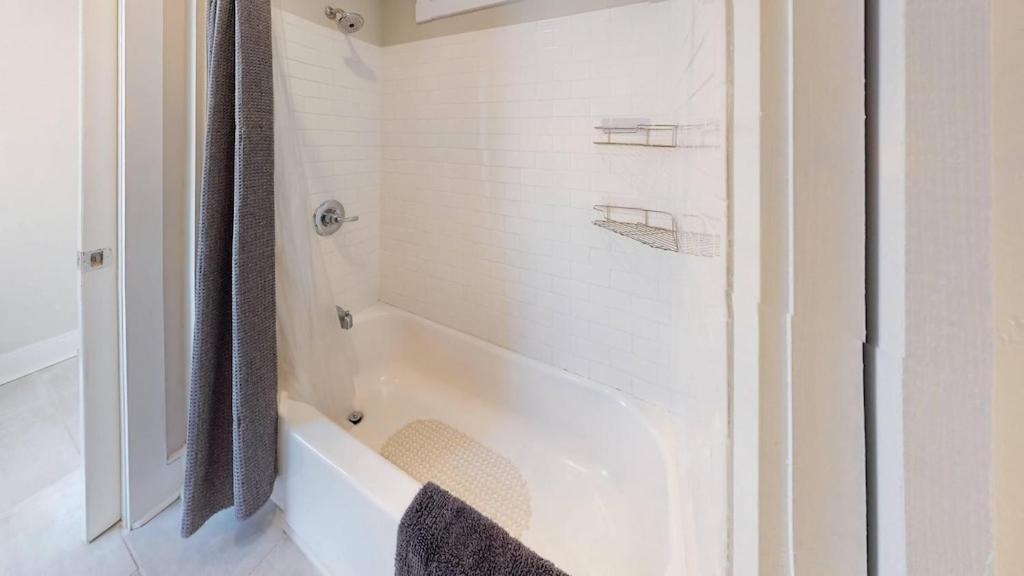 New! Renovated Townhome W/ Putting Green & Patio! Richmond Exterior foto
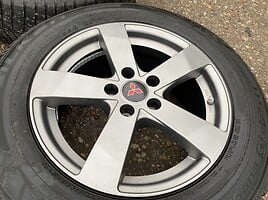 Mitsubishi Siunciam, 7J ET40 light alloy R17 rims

⁂

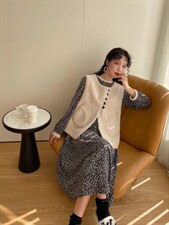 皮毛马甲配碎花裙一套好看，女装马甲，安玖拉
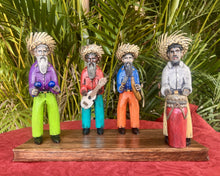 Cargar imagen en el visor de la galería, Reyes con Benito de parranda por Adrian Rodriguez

⁂

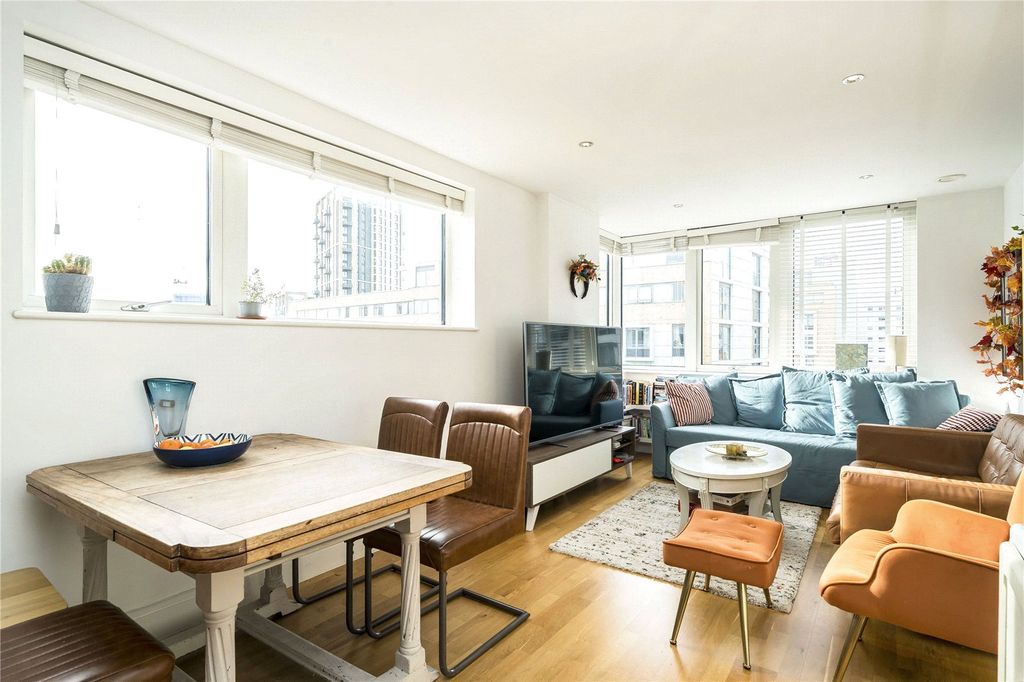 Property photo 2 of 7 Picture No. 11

⁂

WORK ITEM ▸ Starting at the line above that has "New! Renovated Townhome" and ending at the line that has "Mitsubishi Siunciam, 7J", copy each line exactly, leaving the pictures out and adding nothing.

TASK SOLUTION ▸
 New! Renovated Townhome W/ Putting Green & Patio! Richmond Exterior foto
 Mitsubishi Siunciam, 7J ET40 light alloy R17 rims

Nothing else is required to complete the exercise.